Last night I woke up to the sounds of an angry mob in the street outside our house.
I haven't written in awhile. It's a shame because around the time of the International Criminal Court's review conference there were a lot blogworthy things going on. The time coincided with Tim, my supervisor's, visit to Uganda. For 2 weeks I was eating, sleeping and breathing debates about justice and the Acholi context. There was no time to write--only to think, listen and talk. Now, since the dust has settled I have started writing again but something a little more demanding--what I hope will be a chapter in my thesis and/or journal article. As I've sat down to write it's made me realize how much rich material I have and challenged me to start interpreting it in a way that is shareable. So far, it has felt a little like clearing my throat onto the page, but I'm hopeful my throat is almost clear and I can finally say something. In the midst of ruminating in my thoughts these past weeks, a vivid example of the exact dynamic I am writing about jolted me awake.
Our watchman and a neighbor caught a thief breaking into the kiosk nextdoor. It was 4 o'clock in the morning but it didn't take long for a large crowd of our neighbors to form and begin beating the man. They didn't call the police. We asked our watchman if someone should. "Ah, no!" He laughed. I wasn't surprised. I understood. But it still disturbed me deeply. "I have instructed them not to hit his head," he assured us. As if this would be very satisfying and now I could go back to sleep without worrying that a man's life might end tonight, less than 10 meters away from me and I did nothing. We've had a lot of conversations with him about pacifism, plus, we must have looked concerned, so he continued, "They will not kill him, the Local Councillor is there." He repeated it twice for emphasis, and maybe to keep us from running into the street and doing something rash. He warned us not to get involved since a mob is unlikely to listen and more likely to turn on us. It would probably be solved more quickly and in everyone's interest if they just handled him here and now, in our street. locally. If the police had come, everyone who was there would waste time in the police station making statements that would likely get lost or never be used. Any property that he'd stolen that they might be able to recover as a group of citizens would be confiscated by the police and likely never returned to the rightful owner. No one would expect the man to be held for long. And what would his incarceration do anyway? We learned later that he's been locked up several times before but hasn't reformed. Instead he allegedly met other thieves that he now works with. The correctional part of his punishment has yet to be successful. Besides that, from what he is yelling at the crowd around him, he is an orphan that is taking care of his brothers and sisters that are fully dependant on him. An angry response and the sound of a strong kick and a loud groan cut his plea short.
This is what happens in this space, I thought to myself, between an efficient national judicial system and local solutions that are accountable to no other higher authority. People still take justice into their own hands but with an increasing level of constraint in light of the presence of a strenthening judicial system.

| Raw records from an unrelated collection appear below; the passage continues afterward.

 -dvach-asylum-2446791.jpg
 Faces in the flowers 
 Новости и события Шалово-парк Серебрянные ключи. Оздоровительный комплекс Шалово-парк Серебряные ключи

Finally, the sound of fists, shoes and wooden rods against the body of another human being subsided. His piercing cries for mercy quieted to muffled sobs. But a few minutes later it began again with a few yells. I was scared. The mood of a mob changes quickly, and I wondered if the constraints on their behavior were strong enough not to rupture under the fervor and violent impulses I heard in their voices. If just one person had a slightly larger stick, if they were just angry enough to disregard the admonition of our watchman not to direct the blows below his neck, if the Local Counselor's authority was only slightly less respected, if there was a weaker sense that the police were only a mobile phone call away by one concerend community member--they might have killed him. But they didn't. They beat him, insulted him, humiliated him and forced him to give names of other thieves in the area and recovered the property he'd stolen. Now he's in the hospital. The LC later proudly showed where he'd written the record of what happened in his official book. With a smile, he guaranteed that "other thieves will think two times before they enter our area."
I can't help but wonder: if there was a history of trust built between the citizens of the area and the law enforcers and the rest of the judicial system, if the police were well trained and honest with a reputation for resisting corruption, if confiscated property was always returned to the rightful owners, if massive delays in the courts were not the norm, if just punishments were given that looked at alternative sentencing and community service, if there were systems in place that considered particular circumstances of juvenile offenders, social services for his dependents, if if if...my rather ordinary, peaceloving, friendly and hospitable neighbors wouldn't have left their beds in the middle of the night with their crying children following behind them into the street to beat a man near to death. Maybe I'm wrong. Maybe they need the cathartic effect of releasing pent up aggression. But maybe, if communal harmony was better protected by an efficient judicial system there would be less aggressive feelings in general floating around or at least non-violent and trusted alternative ways of settling them.